Parmi les ténors forcés de plier bagage, on retrouve Éric Dupond-Moretti. Locataire du ministère de la Justice quatre ans durant, l’avocat devenu garde des Sceaux cède sa place à Didier Migaud, le président de la Haute Autorité pour la transparence de la vie publique (HATVP).

Ce dernier, ancien du PS présenté par l’entourage du Premier ministre comme représentant la tendance « divers gauche » au sein du nouvel alliage gouvernemental, est qualifié, par certains, d’unique « prise » au-delà de la droite. Un « statut », qu’Éric Dupond-Moretti lui a rappelé dès les premières minutes de son discours ce lundi, au ministère, en assurant pour sa part n’avoir « jamais cherché à être un marqueur de droite ou un marqueur de gauche. »

Sur le fond, le désormais ex-ministre a prévenu son successeur qu’il lui faudrait sans doute montrer les dents pour préserver la hausse du budget (et des effectifs) qu’il a obtenu au fil de ces années. En ce sens, « il est indispensable » à ses yeux que sa dernière loi de programmation, votée par le Parlement en octobre 2023 et qui prévoit l’embauche de milliers de magistrats, soit « respectée. » « Une trahison de cette loi serait un signal dévastateur adressé à tous ceux qui servent la justice », a-t-il soufflé, à l’heure où les « décisions fortes » à attendre sur le budget font planer le spectre de coupes sévères dans la dépense publique.

Nicole Belloubet : stop les « oukases »

Comme un écho à quelques kilomètres de la Place Vendôme, la ministre sortante de l’Éducation nationale Nicole Belloubet a adressé les mêmes conseils et leçons en quittant la rue de Grenelle sept mois seulement après y être entrée.

Sur les moyens, l’ancienne rectrice (et garde des Sceaux entre 2017 et 2020) a elle aussi réclamé la « sanctuarisation » du budget de l’éducation nationale, « une exigence nécessaire » car « l’école est toujours un investissement pour l’avenir. » Sur le fond et la méthode, elle a rappelé le besoin « d’apaisement » alors que professeurs et personnels ont vu se succéder six ministres (et autant de lignes) en quatre ans.

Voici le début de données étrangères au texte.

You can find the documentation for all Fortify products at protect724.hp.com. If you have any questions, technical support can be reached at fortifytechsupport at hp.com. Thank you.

« Sept mois, ce n’est pas assez pour faire évoluer notre système éducatif qui en a vraiment besoin, mais qui plus que des oukases ou des slogans, mérite des impulsions et inflexions concertées », a-t-elle par exemple avancé, en regrettant notamment le « tourbillon de réformes » qui a pesé sur les enseignants ces dernières années. Autant de messages envoyés à sa successeure, la députée Renaissance Anne Genetet. Mais également au Premier ministre, Michel Barnier.

Sylvie Retailleau et les étudiants étrangers

Dans le contexte actuel, le propos le plus politique était sans doute à trouver du côté d’un ministère moins scruté, celui de l’Enseignement supérieur. En quittant son poste, Sylvie Retailleau a effectivement adressé quelques flèches en direction de la droite sur la question de l’immigration et des étudiants étrangers.

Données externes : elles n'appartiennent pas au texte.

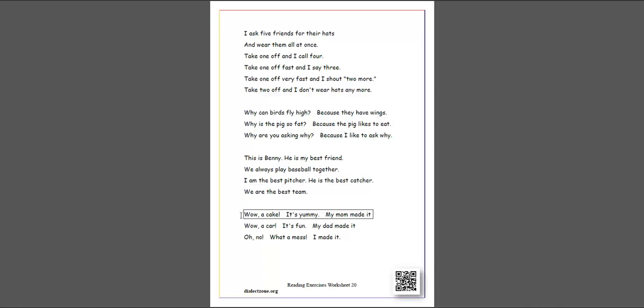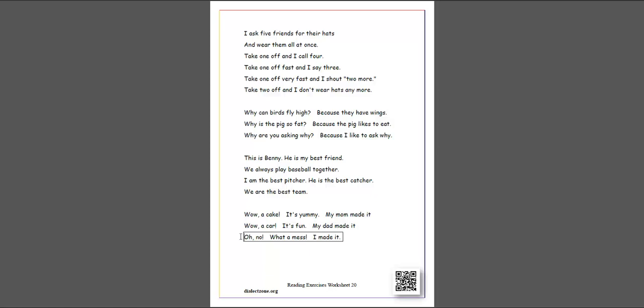Wow, a cake. It's yummy. My mom made it. Wow, a car. It's fun. My dad made it. Oh, no. Wow. What a mess. I made it.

« Je le dis avec force, les étudiants internationaux sont une chance pour la France. Parmi eux, on le sait, se trouve le prochain Léopold Sédar Senghor. Parmi eux se trouve la prochaine Marie Skłodowska Curie », a-t-elle notamment lancé, avant d’ajouter : « Comment ne pas penser à toutes celles et ceux qui ne sont pas français mais qui sont venus étudier en France et qui en sont devenus de véritables ambassadeurs, pétris qu’ils étaient de sa culture, de sa langue, et de sa richesse scientifique ? Ces amoureux de la France que l’on retrouve dans chacun de nos laboratoires. »

À ses côtés, son successeur Patrick Hetzel, député Les Républicains aux positions très conservatrices sur les enjeux migratoires, n’a pas cillé. Il faisait partie des députés LR les plus offensifs sur la dernière loi immigration à l’hiver 2023, désireux d’imposer notamment une caution aux étudiants étrangers à leur arrivée dans l’Hexagone. Cette question avait marqué les débats parlementaires, et suscité l’ire d’une partie de la Macronie. Ce n’était sans doute qu’un début.